Charles Dickens l’a dit, dans David Copperfield : « Revenu annuel vingt livres, dépenses annuelles dix-neuf quatre-vingt-seize, résultat bonheur. Revenu annuel vingt livres, dépenses annuelles vingt livres zéro six, résultat détresse. »

Le fait est que l’ordinateur est entré dans notre vie à une époque où nous pensions avoir les moyens de cette vie, et qu’il est toujours parmi nous, dans la chambre de Billy, sur la table métallique à roulettes achetée par la même occasion. La chambre de Billy est petite et pleine à ras bord, comme le sont souvent les chambres des garçons à l’adolescence, mais bizarrement elle paraît plus rangée maintenant que l’ordinateur et sa table y ont été insérés. Ou peut-être est-ce juste qu’il n’a pas pu acheter tellement de trucs récemment, qu’il n’a pas pu ajouter à la pile de ses biens.

Bon. Lorsque que tout ceci a commencé, en février, il y a presque trois mois, la deuxième chose que j’ai faite, avant d’avoir la moindre idée de ce qu’était le plan, et même s’il y aurait un plan, a été d’aller dans la chambre de Billy, de m’asseoir devant l’ordinateur familial, et, en puisant dans l’abondance de caractères et de tailles disponibles, de me créer un papier à lettres à en-tête. (La première chose avait été de prendre une boîte postale dans une petite ville à une trentaine de kilomètres de la maison.)

B.D. INDUSTRIAL PAPERS

P.O. BOX 2900

WILDBURY, CT 06899

La boîte postale était en réalité le 29, mais j’avais ajouté les zéros pour donner plus de poids au bureau de poste local et, par extension, à B.D. Industrial Papers. J’avais plaisanté là-dessus avec l’employée de la poste, qui avait trouvé l’idée amusante et m’avait dit qu’elle n’aurait pas de mal à mettre le courrier du 2900 dans la boîte 29, vu qu’en fait, il n’y avait que soixante-huit boîtes dans toute l’agence.
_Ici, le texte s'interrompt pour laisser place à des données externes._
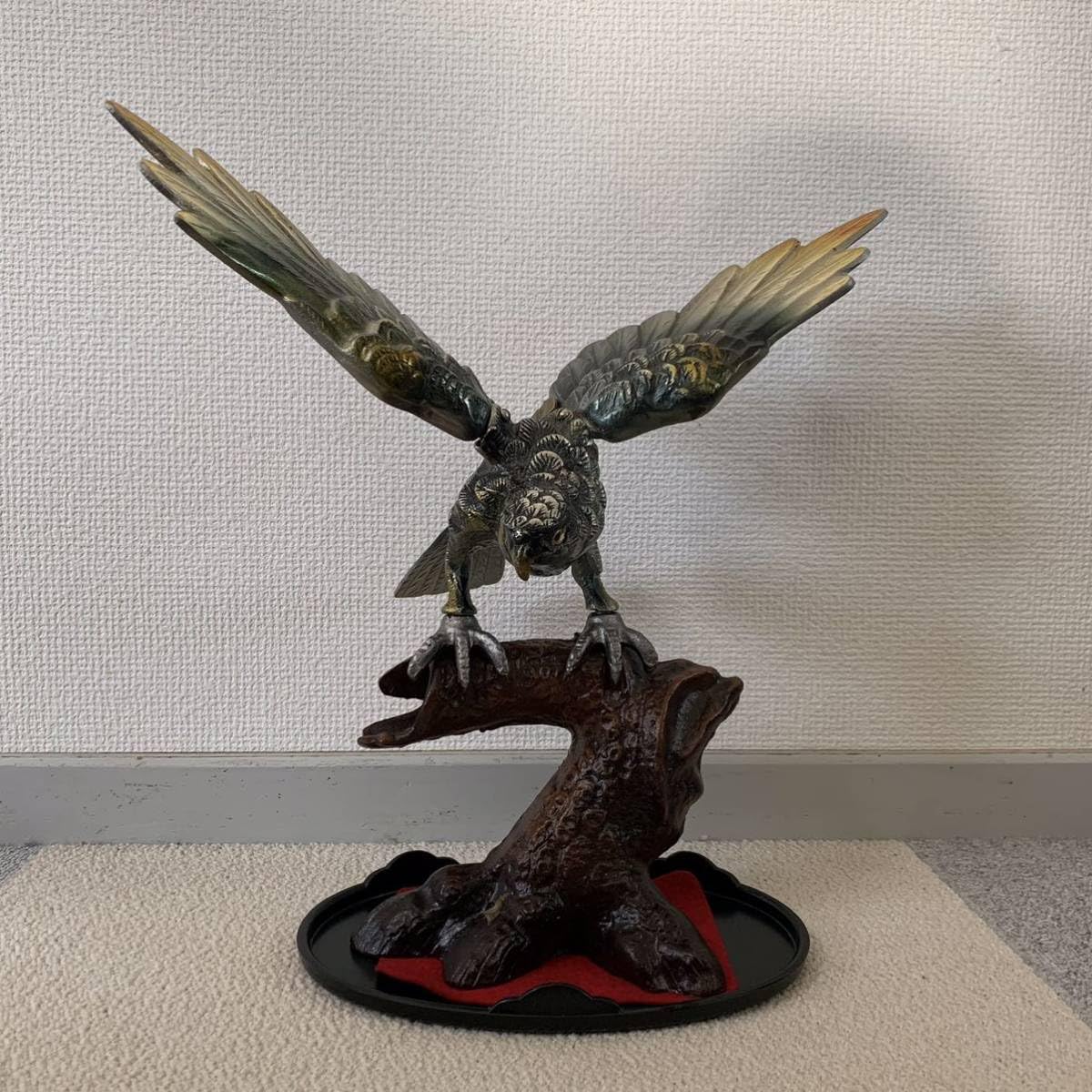 銅製 【高級】香楼 装飾的な金属製置物 鳥のフィギュア付き 銅製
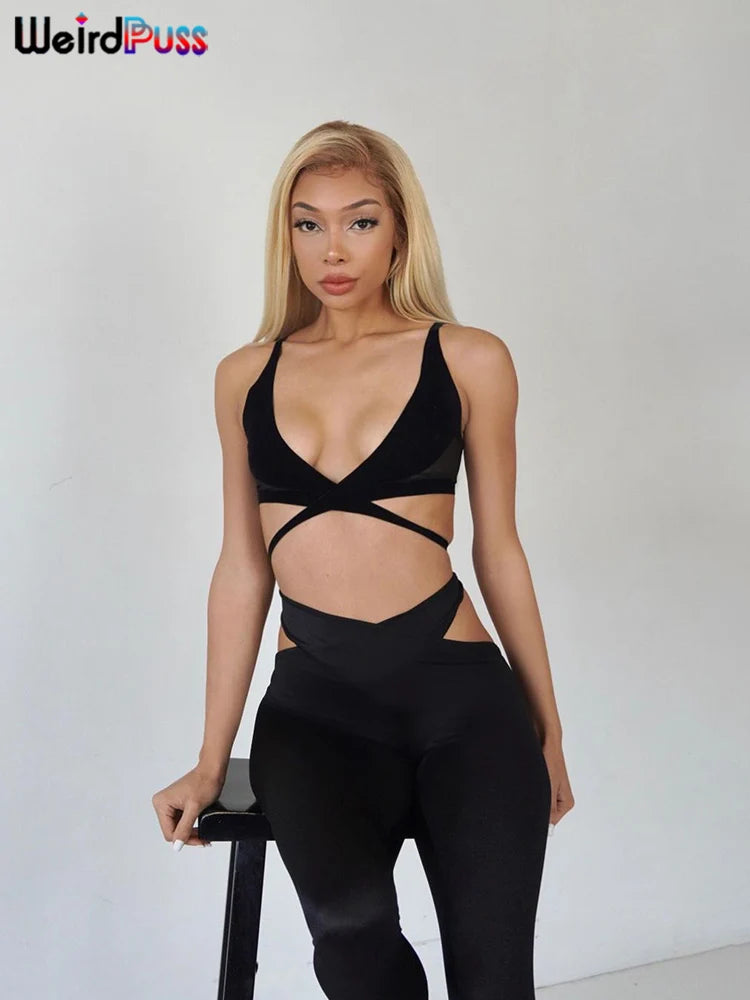 Weird Puss Tracksuit Women Summer 2 Piece Set Cross Patchwork Camisole Tops+High Waist Hollow Bandage Foot Pants Sexy Activewear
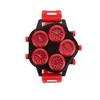 VFSKN Heren Big Face Mode Luxe Horloges Super Grote Dial Punk Hip-Hop Cool Persoonlijkheid Polshorloge met vijf wijzerplaat (goud; zilver; rood)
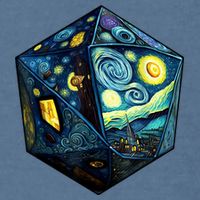 D20 Dice Art Van Gogh Starry Night Cool Realistic D20 Dice Garment-Dyed Sweatshirt
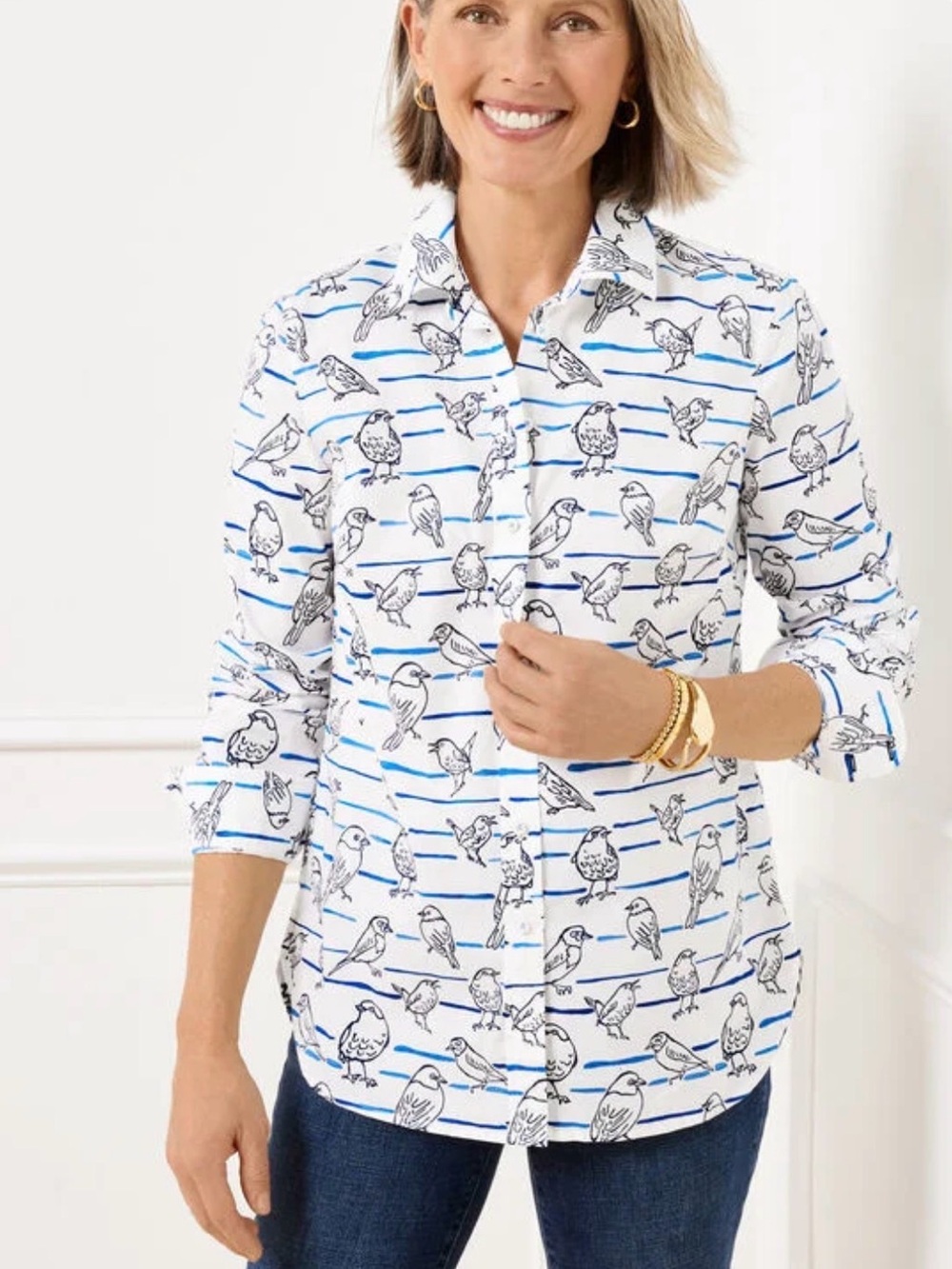 Talbots Women’s Bird Print Button Down Shirt 100% Cotton Blue White Medium New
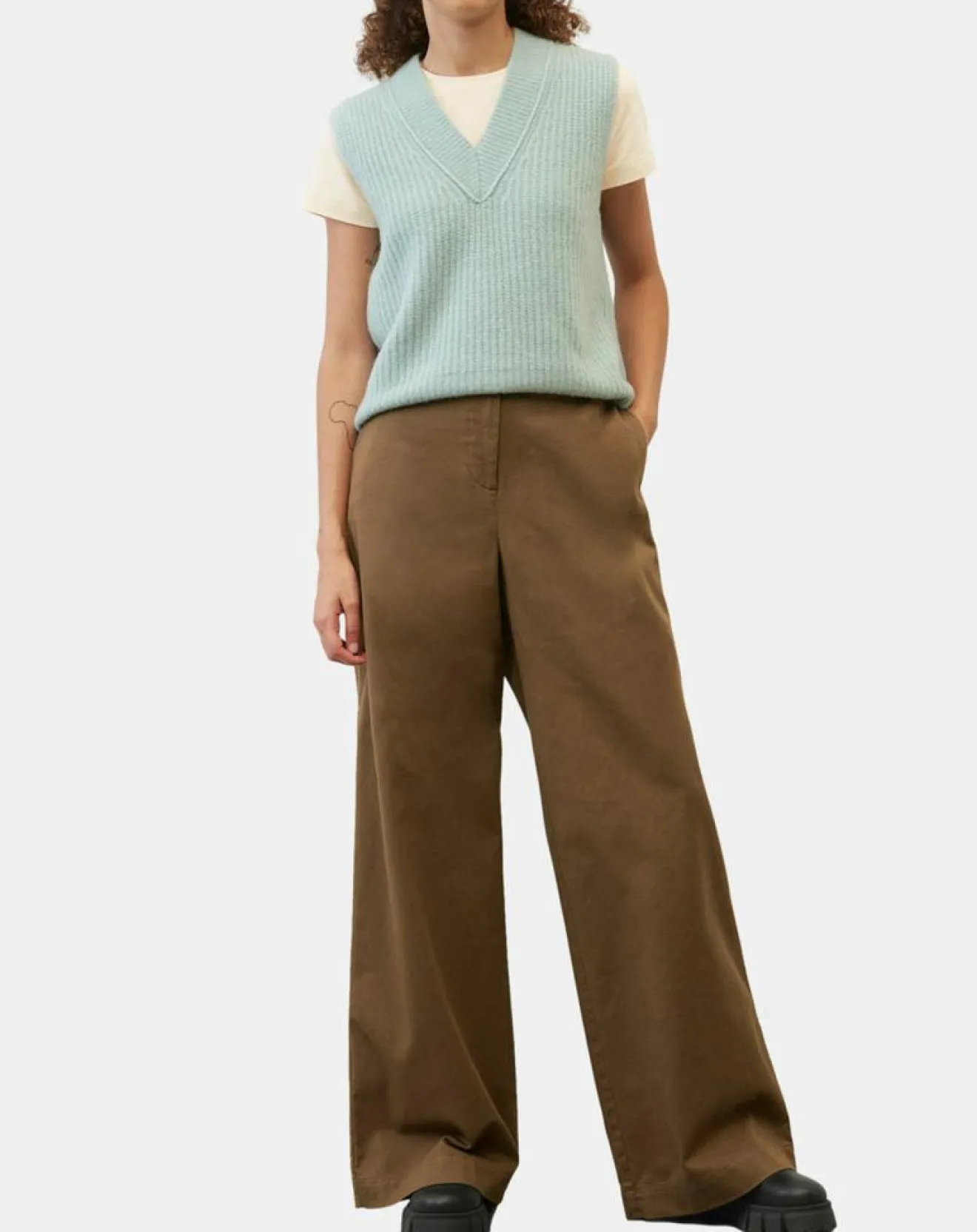 Femme Marc O'Polo Pull sans manches en Laine & Alpaga mélangés bleu clair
Puis j’avais rédigé ma petite annonce, en m’inspirant de celles que j’entourais dans les rubriques d’offres d’emploi depuis plus d’un an :

FABRICATION

CHEF D’ATELIER

Papeterie du nord-est spéc. polymère, tissue et films pour condensateur rech. personne avec grande expér. papiers spéciaux pour diriger la fab. d’une nvelle ligne de produits sur une machine à papier à condensateur électrolytique reconstruite. 5 ans exp. minimum. Salaire attractif, avantages. Envoyer C.V. incluant évolution des salaires à B.P. 2900, Wildbury, CT 06899.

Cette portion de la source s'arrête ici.